This one sunk right through to my heart. I don’t have too many regrets in my life, but I hope to never forget this advice in the future. The first thing that came to mind was an ex. But it’s true, I did the best I could for myself at that time. I needed to get away from him. Maybe I didn’t go about it the right way, but it’s done and I think I’m in a better place because of it. Things happen for a reason.

Speaking of which, karma is real and it’s kicking my ass for something, and I think I know what it is.

If you don’t know, my grandparents live with me and my mom and dad. I don’t mind Grandma (though her toy poodle can be annoying), but I do not like my grandfather. It’s the side of the family we don’t really see, and we’ve had a shaky past, so we weren’t exactly off to a great start. But he is just so expectant of my mother and of his wife. He’s not very thankful. He thinks he’s going to get better, at 80 years old. He thinks very highly of himself and very poorly of – it seems – everyone else. Some of his own kids think he’s a pain in the ass.
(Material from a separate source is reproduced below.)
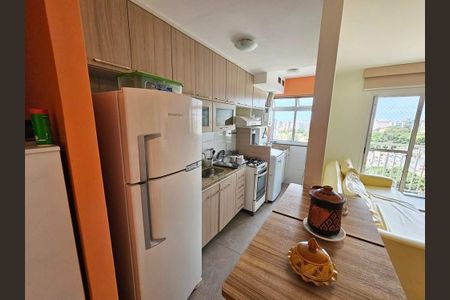 Apartamento à venda com 2 quartos, 55m² em Todos os Santos, Rio de Janeiro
Some of them don’t even want to see him, and I don’t blame them.

For the past two years, I have seen his health deteriorate. I have watched him go from shuffling through the house, to being wheelchair-bound, to being basically bedridden. And each time he gets worse, I just keep hoping it’s the end. It has been such a stress on my mom, the caretaker, 24/7. (Luckily, some of her siblings help out from time to time.) It has caused tension between my parents. It has shattered my sense of home.
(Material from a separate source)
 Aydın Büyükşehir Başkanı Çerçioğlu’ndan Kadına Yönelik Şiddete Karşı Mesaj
I always feel in the way. When I come home, suddenly there’s no room in the fridge. I’ve stopped putting ice in my drinks because our ice machine is slow enough that my dad already has to go to the store at least once a week just to get an extra bag. I can’t park in my driveway anymore because it’s a shorter walk for grandma. I make breakfast and then disappear to my room so they can have the TV because Grandpa can’t move from his chair. We moved my cat’s food so the dog wouldn’t get to it. I don’t talk to my mom while she gets ready for bed anymore because I know she’s just too tired during the week. I have to dodge the chairlift, most annoyingly when I’m carrying packed bags.

It’s just not home anymore.

And maybe that’s a good thing, so I can move on. Time will tell.

But because of this whirlwind of shit, I keep wishing Grandpa will die soon. I’m not exactly proud to say it, but it’s true. And it’s just what I wish. I know I shouldn’t wish death upon anyone, but I feel no remorse.

And karma knows it. And that’s why it’s kicking my ass.

I’m not going to proclaim to be a better person. I have no plans to take it back, because I know it won’t help at this point. I also know I wouldn’t mean it. I just think it takes more to be honest in this situation.

Maybe karma will reward me for that later.